This is a simple proxy which merges and filters RSS feeds from habr.ru.
Motivation: habr/geektimes, which were useful sources of knowledge once, are now clogged with low quality content and corporate blogs. When reading a feed of articles degrades into skipping through the garbage, automated solution comes in rescue. Apart from advanced filtering, this project is capable of skipping duplicate posts when being subscribed to multiple feeds.

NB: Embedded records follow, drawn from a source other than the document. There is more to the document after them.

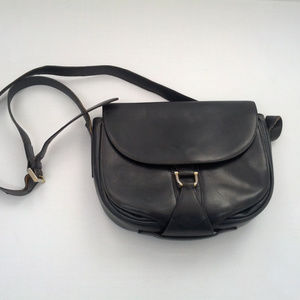 Vintage small blue leather long strap purse bag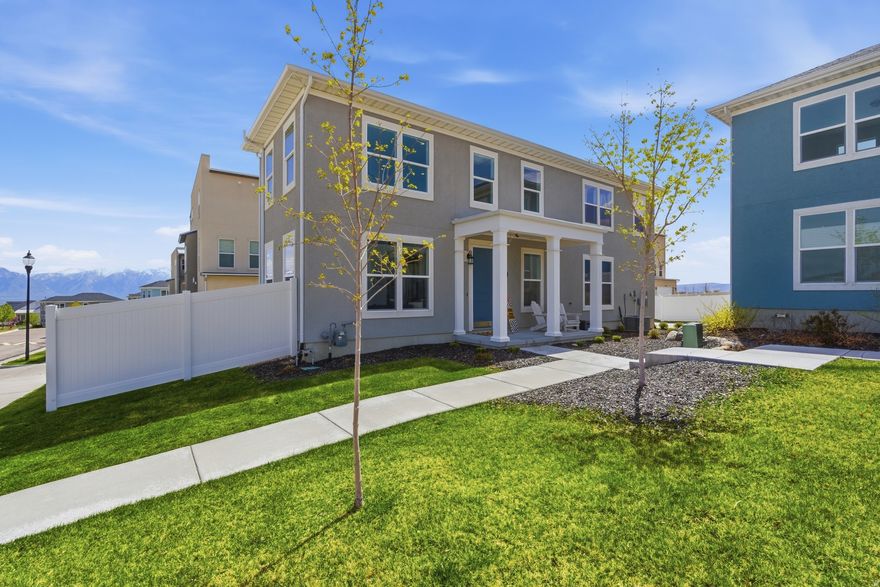 No need to wait on new construction - enjoy this 4 years new home in a wonderful, growing West Jordan community!  Endless light streams from numerous windows as you enter this beautiful home with soaring ceilings and a welcoming, open main living space.  The island kitchen is well appointed with loads of storage and work space and quartz counter tops, offering easy access to the spacious living room and cozy backyard!  A half bath finishes off this level for comfort and ease.  The upper level boasts 3 generous bedrooms and 2 full bathrooms, including the primary suite with a walk-in closet.  With a huge park right across the street, there is plenty of room to roam and play!    Square footage figures are provided as a courtesy estimate only and were obtained from count records .  Buyer is advised to obtain an independent measurement.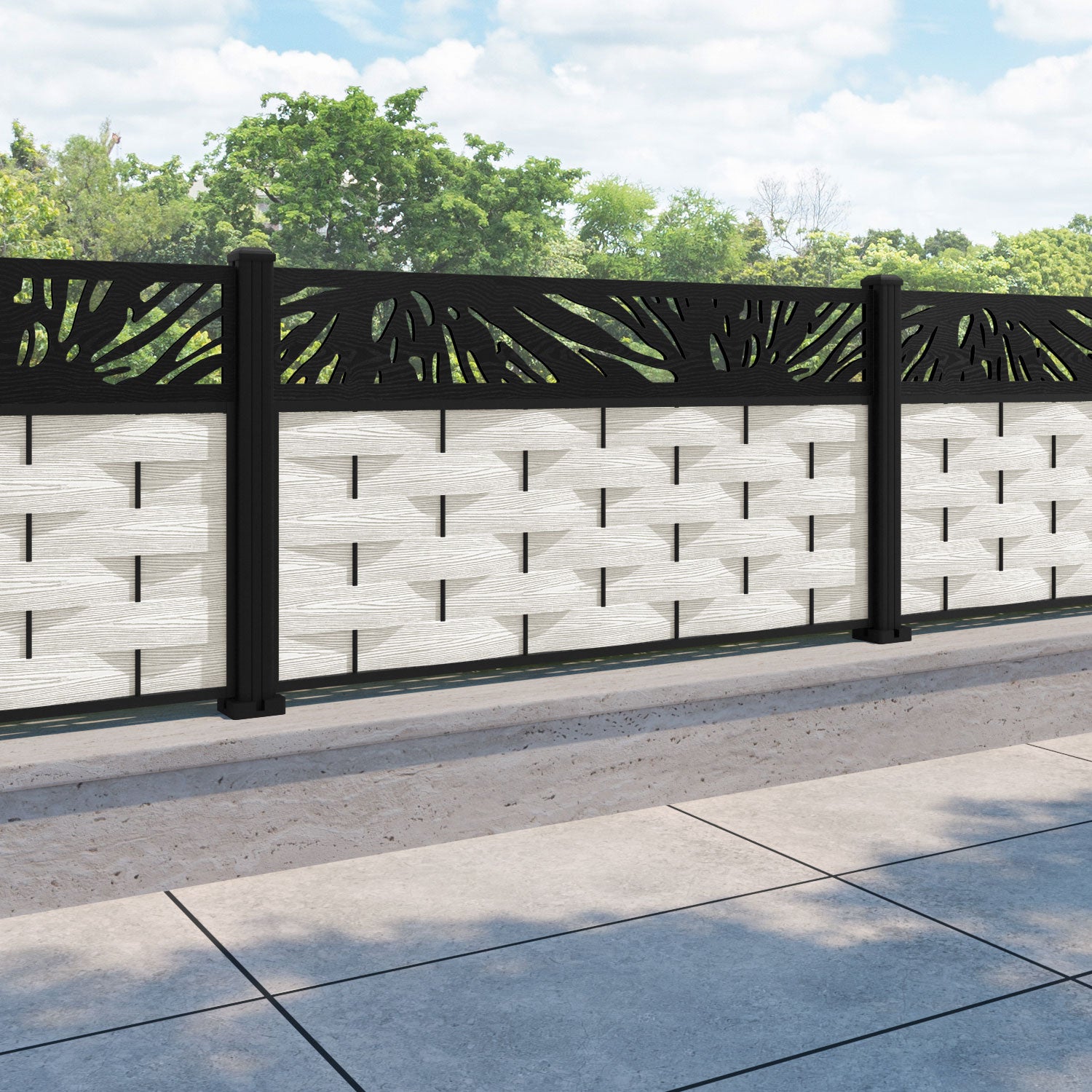 Ripple Poppy Fence Panel - Light Stone - with our aluminium posts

./habrss.py [-l host] [-p port] -f config
where
-lspecifies host to listen on (default 127.0.0.1, specify 0.0.0.0 to listen on all interfaces)-pspecifies port to listen on (default 8080)-fspecifies path to config file
The script serves HTTP on a given host/port. Available pages include a list of configured feeds, feeds themselves and a statistics on posts blocked and passed by filters.
Example:
- name: myfeed
urls:
- https://habr.com/ru/rss/flows/develop/all/?fl=ru
- https://habr.com/ru/rss/flows/popsci/all/?fl=ru
exclude:
- title: .*iOS.*
- category: Natural Language Processing
- creator: ph_piter
include:
- title: .*python.*
- category: Python
- creator: Zelenyikot
- name: anotherfeed
urls:
...
Each config entry specifies an output feed served by the script.

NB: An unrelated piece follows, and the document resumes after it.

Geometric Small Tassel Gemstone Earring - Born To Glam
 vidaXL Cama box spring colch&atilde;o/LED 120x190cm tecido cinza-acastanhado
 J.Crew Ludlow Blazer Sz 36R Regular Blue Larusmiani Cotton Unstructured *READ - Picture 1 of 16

Each such feed may aggregate one or more (in which case duplicates
are removed) habr.ru feeds speficied as a set of urls. It's also
possible to specify exclude filters which match post title, author,
or a category with a case-insenesitive regexp (so if you want a
partial match, use e.g. title: .*python.*). include filters
override exclude filters.
GPLv3 or later, see COPYING.